*** Opening of The data ***
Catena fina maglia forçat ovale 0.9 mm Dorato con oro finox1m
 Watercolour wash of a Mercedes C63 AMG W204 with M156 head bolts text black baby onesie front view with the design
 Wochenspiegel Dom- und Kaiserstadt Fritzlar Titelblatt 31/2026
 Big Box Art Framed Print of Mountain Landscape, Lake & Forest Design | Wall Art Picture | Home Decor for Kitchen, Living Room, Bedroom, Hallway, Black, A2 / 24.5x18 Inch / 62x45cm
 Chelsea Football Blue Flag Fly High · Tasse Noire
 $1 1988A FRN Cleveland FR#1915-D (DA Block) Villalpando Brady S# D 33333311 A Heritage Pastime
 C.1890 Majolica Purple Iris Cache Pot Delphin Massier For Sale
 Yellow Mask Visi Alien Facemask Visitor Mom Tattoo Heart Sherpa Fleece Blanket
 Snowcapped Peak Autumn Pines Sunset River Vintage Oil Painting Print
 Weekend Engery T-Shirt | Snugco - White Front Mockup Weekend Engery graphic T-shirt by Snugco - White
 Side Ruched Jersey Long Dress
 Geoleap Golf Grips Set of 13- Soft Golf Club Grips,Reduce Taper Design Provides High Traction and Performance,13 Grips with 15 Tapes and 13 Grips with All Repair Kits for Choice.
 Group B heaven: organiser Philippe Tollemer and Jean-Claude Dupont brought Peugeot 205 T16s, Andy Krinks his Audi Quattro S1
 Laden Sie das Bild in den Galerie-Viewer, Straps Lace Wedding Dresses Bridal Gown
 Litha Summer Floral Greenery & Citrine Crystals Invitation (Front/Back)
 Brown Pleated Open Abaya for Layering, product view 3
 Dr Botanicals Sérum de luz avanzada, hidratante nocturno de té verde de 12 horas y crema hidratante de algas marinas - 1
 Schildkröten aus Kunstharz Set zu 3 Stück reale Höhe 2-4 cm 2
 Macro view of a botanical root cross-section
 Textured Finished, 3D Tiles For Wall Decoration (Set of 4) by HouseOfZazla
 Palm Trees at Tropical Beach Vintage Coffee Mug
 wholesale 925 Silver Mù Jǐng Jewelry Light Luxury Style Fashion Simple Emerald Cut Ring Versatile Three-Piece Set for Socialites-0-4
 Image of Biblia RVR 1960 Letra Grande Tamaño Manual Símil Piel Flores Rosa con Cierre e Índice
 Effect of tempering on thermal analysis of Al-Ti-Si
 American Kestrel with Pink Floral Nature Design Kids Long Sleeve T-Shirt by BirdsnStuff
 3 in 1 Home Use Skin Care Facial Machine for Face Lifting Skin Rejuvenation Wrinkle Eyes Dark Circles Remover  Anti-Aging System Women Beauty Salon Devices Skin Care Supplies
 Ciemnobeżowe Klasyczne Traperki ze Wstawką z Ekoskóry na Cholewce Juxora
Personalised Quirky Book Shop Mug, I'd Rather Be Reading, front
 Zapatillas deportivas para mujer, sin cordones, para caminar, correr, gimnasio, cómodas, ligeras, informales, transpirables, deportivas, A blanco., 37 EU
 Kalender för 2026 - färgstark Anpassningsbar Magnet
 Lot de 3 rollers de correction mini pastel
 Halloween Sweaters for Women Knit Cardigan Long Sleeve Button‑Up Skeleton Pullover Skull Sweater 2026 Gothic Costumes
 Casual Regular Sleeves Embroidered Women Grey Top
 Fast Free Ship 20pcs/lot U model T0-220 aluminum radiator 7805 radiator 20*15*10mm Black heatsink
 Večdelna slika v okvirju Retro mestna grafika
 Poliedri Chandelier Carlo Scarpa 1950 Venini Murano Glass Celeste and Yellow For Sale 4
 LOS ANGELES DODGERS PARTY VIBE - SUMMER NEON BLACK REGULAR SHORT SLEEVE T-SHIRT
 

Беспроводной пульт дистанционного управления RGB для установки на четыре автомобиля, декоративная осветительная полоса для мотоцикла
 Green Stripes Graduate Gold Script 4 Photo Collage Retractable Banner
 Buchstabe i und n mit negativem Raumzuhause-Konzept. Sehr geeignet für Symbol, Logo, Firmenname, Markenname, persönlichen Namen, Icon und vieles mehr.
*** Close of The data ***
- Work task -
Using the data above, extract exactly the lines from the one that holds "Ciemnobeżowe Klasyczne Traperki" to the one that holds "Casual Regular Sleeves", both ends included, and no others.

- Expected answer -
 Ciemnobeżowe Klasyczne Traperki ze Wstawką z Ekoskóry na Cholewce Juxora
Personalised Quirky Book Shop Mug, I'd Rather Be Reading, front
 Zapatillas deportivas para mujer, sin cordones, para caminar, correr, gimnasio, cómodas, ligeras, informales, transpirables, deportivas, A blanco., 37 EU
 Kalender för 2026 - färgstark Anpassningsbar Magnet
 Lot de 3 rollers de correction mini pastel
 Halloween Sweaters for Women Knit Cardigan Long Sleeve Button‑Up Skeleton Pullover Skull Sweater 2026 Gothic Costumes
 Casual Regular Sleeves Embroidered Women Grey Top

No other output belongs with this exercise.